Changing systems of viewing have impacted Nielsen's methods of market research. In 2005, Nielsen began measuring the usage of digital video recording devices such as TiVos. Initial results indicated that time-shifted viewing would significantly impact television ratings. A year later, the networks were not factoring these new results into their ad rates because of advertisers' resistance.
In July 2017, Nielsen announced that it would include select programs from subscription-based video on demand services Hulu and YouTube TV in its Digital in TV Ratings system. Since about October 2017, Nielsen also began to track select programs from Netflix. Partnering distributors insert a "tag" into the program to be distributed on these services, which Nielsen then tracks through its meters system. Partnering distributors are able to determine if these ratings can be released publicly or not.

Ratings/share and total viewers

The most commonly cited Nielsen results are reported in two measurements: ratings points and share, usually reported as: "ratings points/share". There were 119.6 million TV homes in the United States for the 2017–18 TV season. Nielsen re-estimates the number of television-equipped households each August for the upcoming television season.
The rating of a program is a fraction of the HUT. It is calculated as RTG = HUT × SHARE where HUT is Homes Using Television and SHARE is the percentage of TV sets in use which are tuned to a particular show.
Share is the percentage of television sets in use, Households Using Television or Persons Using Television who are tuned to a specific program, station or network in a specific area at a specific time. For example, Nielsen may report a show as receiving a 4.4/8 during its broadcast; this would mean that they estimate that 4.4% of all television-equipped households were tuned in to that program, while 8% of households that were watching TV at that time were watching the specific program.
Because ratings are based on samples, it is possible for shows to get a 0.0 rating, despite having an audience; CNBC's talk show McEnroe was one notable example. Another example is The CW show, CW Now, which received two 0.0 ratings in the same season. In 2014, Nielsen reported that American viewership of live television had dropped 12 minutes per day compared to the year before. The CW got another 0.0 rating for its broadcast of the 1st Critics Choice Super Awards. Nielsen reported several reasons for the shift away from live television: increased viewership of time-shifted television and viewership of internet video.
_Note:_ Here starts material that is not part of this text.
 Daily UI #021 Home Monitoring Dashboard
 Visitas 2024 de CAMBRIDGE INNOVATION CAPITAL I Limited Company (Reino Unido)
Viewer location: out of home, on the go

In 2007, Nielsen began to release data that reflected out-of-home/not via home TV viewing.
This was a follow-up to their added inclusiveness regarding family members who are dorming in college.

Demographics

Since specific demographics influence advertising rates, Nielsen provides statistics by categories including age, sex, race, economic class, and area. For example, an advertiser might look for younger viewers, for older or wealthier audiences, or for women rather than men.
In general, the number of viewers within the 18–49 age range is more important than the total number of viewers. According to Advertising Age, during the 2007–08 season, ABC was able to charge $419,000 per commercial sold during its medical drama Grey's Anatomy, compared to only $248,000 for a commercial during CBS' CSI: Crime Scene Investigation, despite CSI having almost five million more viewers overall. Because of its strength in young "demos", NBC was able to charge almost three times as much for a commercial during Friends as CBS charged for Murder, She Wrote, even though the two series had a similar amount of total viewership during the two seasons they were on the air concurrently. Glee and The Office drew fewer total viewers than NCIS during the 2009–10 season, but earned an average of $272,694 and $213,617 respectively, compared to $150,708 for NCIS.